* _ACTION ITEM_:
Every line of the data that contains the string "with" must be copied.

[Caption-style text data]
┄┄┄┄┄┄┄┄┄┄┄┄┄┄┄┄┄┄┄┄
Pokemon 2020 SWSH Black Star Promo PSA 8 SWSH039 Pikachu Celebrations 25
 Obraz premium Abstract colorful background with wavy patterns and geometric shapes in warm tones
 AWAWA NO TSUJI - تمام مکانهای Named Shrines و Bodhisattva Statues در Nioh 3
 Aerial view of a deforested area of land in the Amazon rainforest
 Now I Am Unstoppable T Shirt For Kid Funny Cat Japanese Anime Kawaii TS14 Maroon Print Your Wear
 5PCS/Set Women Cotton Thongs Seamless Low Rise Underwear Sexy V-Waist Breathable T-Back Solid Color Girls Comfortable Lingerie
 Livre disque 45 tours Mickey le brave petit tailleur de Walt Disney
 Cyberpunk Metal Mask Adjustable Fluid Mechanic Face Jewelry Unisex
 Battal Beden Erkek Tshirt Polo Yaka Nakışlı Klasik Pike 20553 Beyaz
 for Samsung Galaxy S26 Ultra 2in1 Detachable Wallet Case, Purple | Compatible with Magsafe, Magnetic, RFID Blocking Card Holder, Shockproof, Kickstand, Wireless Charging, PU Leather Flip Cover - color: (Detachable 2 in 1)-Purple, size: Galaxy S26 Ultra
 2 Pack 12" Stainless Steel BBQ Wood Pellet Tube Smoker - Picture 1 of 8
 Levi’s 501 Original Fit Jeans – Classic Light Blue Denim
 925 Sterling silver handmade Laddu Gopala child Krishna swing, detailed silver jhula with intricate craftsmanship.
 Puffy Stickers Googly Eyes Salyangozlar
┄┄┄┄┄┄┄┄┄┄┄┄┄┄┄┄┄┄┄┄
* _TASK RESPONSE_:
 Obraz premium Abstract colorful background with wavy patterns and geometric shapes in warm tones
 for Samsung Galaxy S26 Ultra 2in1 Detachable Wallet Case, Purple | Compatible with Magsafe, Magnetic, RFID Blocking Card Holder, Shockproof, Kickstand, Wireless Charging, PU Leather Flip Cover - color: (Detachable 2 in 1)-Purple, size: Galaxy S26 Ultra
 925 Sterling silver handmade Laddu Gopala child Krishna swing, detailed silver jhula with intricate craftsmanship.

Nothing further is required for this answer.